Here is an outline of an argument. Our guess was that the sequence goes back to $1$ for any $d = 2m-1$.

First, it seems preferable to work with the sequence

$$b_0 = 1, \quad b_n = \begin{cases} \dfrac{b_{n-1}}2 & (b_{n-1}\text{ even}) \\ \frac{b_{n-1}+d}2 & (b_{n-1} \text{ odd})\end{cases}$$

instead of $a_n$ (the statement to be proven remains the same).

Hint: Show that it is enough to show $b_n\equiv 1 \pmod d$ for some $n$. What does the sequence $b_n$ look like mod $d$?
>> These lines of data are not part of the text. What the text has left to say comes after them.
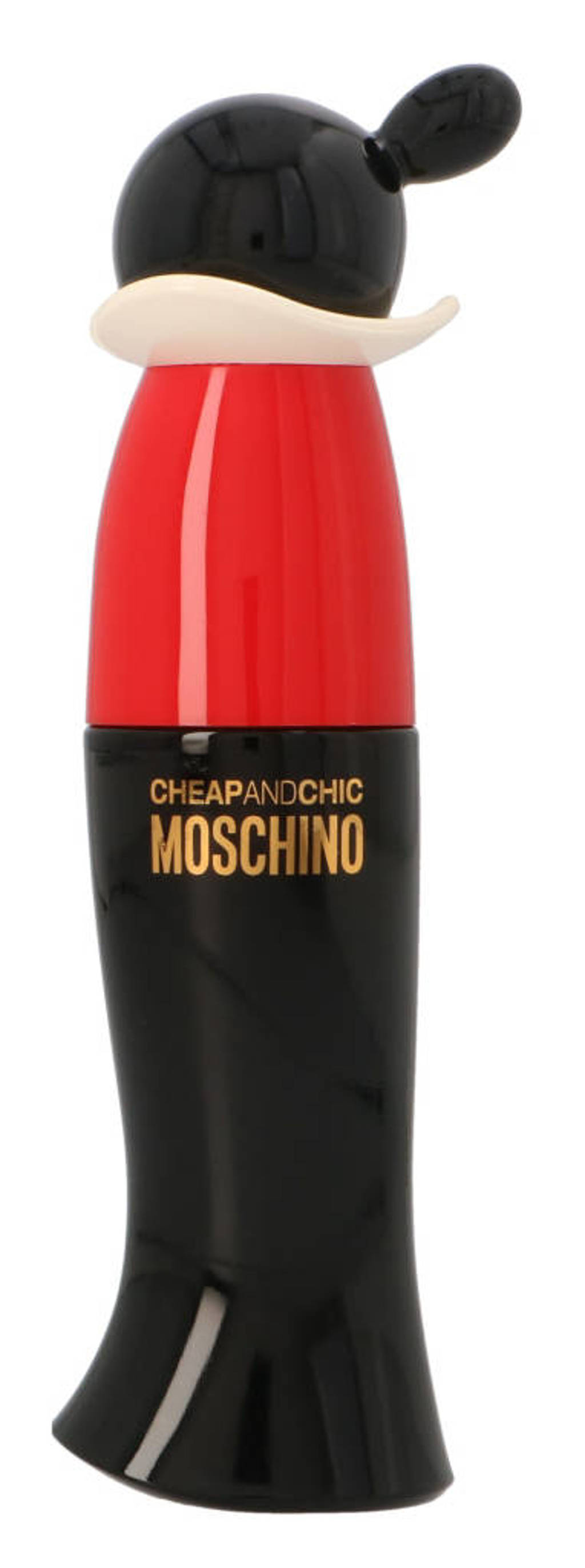 Moschino Cheap & Chic eau de toilette - 30 ml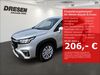 Suzuki (SX4) S-Cross bl|nordrhein-westfalen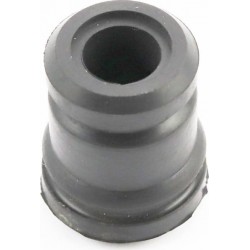 Амортизатор MS-170/180 Тип 2 Китай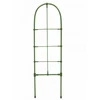 Augalų atrama kopėtėlės Bradas, 60 cm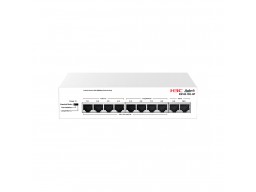 Коммутатор H3C Aolynk ES100-10G-HP
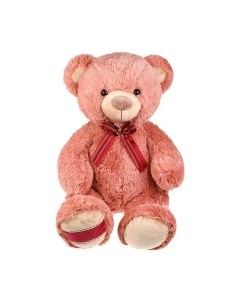 Мягкая игрушка Fluffy Family Мишка Рози / 681871 Fluffy family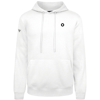 Picture of  Hooded Sweatshirt-men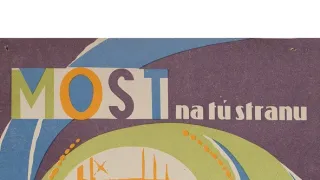 Most na tú stranu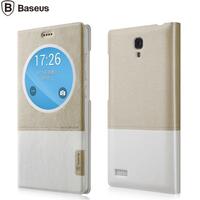 official-lounge-xiaomi-redmi-note---something-wonderfull-is-happening---part-1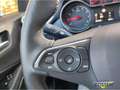 Opel Crossland Elegance LED+Mehrzonenklima+DAB+Sitzh. Grau - thumbnail 18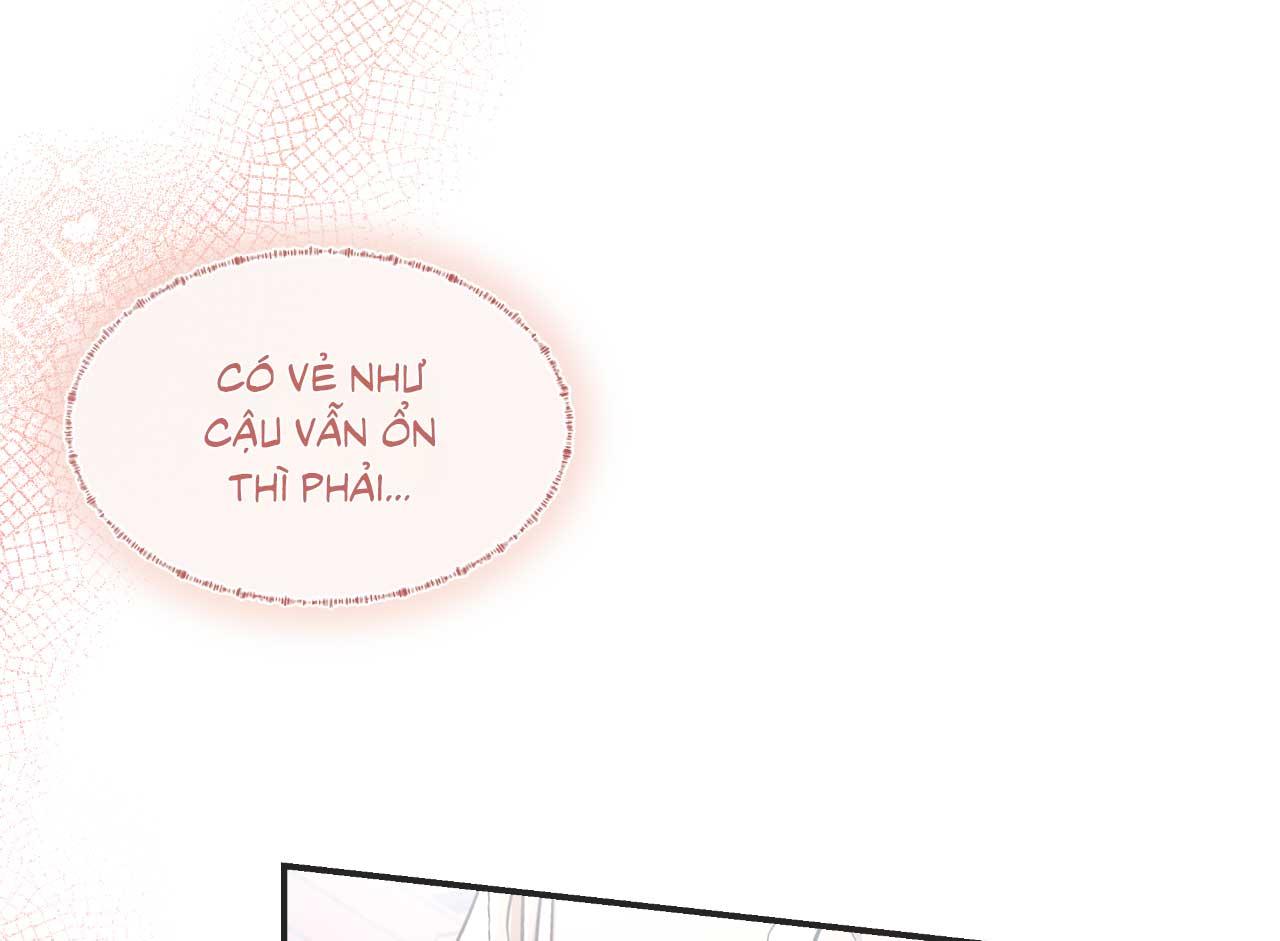 Đọc truyện BLOOM - Chapter 2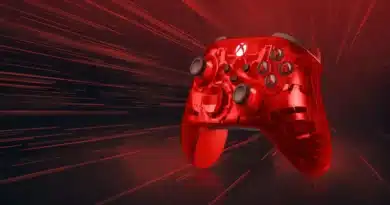 Pulse Cipher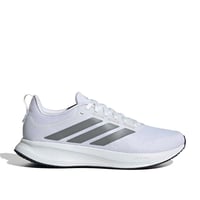 Runblaze M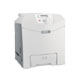 Bild Lexmark C530dn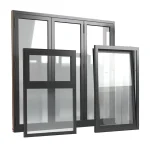 ventana-corredera04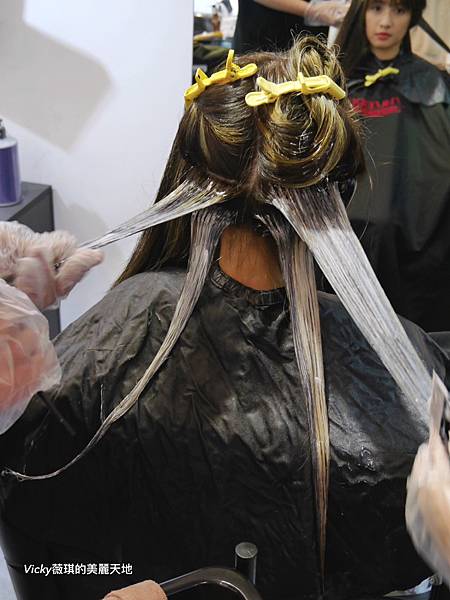 S__42786834 S__42786834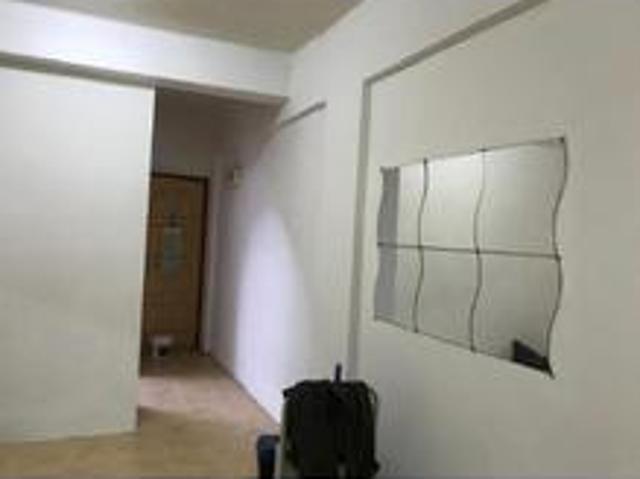 Idaman Sentosa For Sale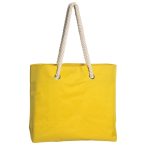 Beach bag CAPRI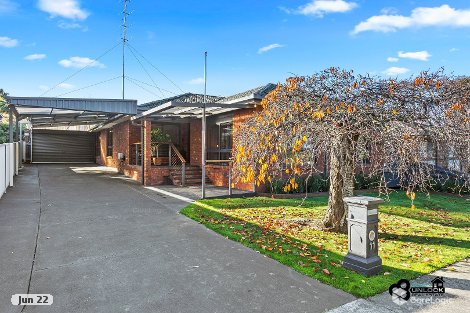 11 Leongatha Rd, Korumburra, VIC 3950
I have included a more detailed outline below (but I fear it is giving away way too much!)

Claim 1: We have $0<b_n<d$ for all $n$.


This allows us to work mod $d$ from now on, i.e. we have $b_n = 1$ if and only if $b_n\equiv 1 \pmod d$.


Claim 2: $\frac12 \equiv m \pmod d$, where $d=2m-1$ as above.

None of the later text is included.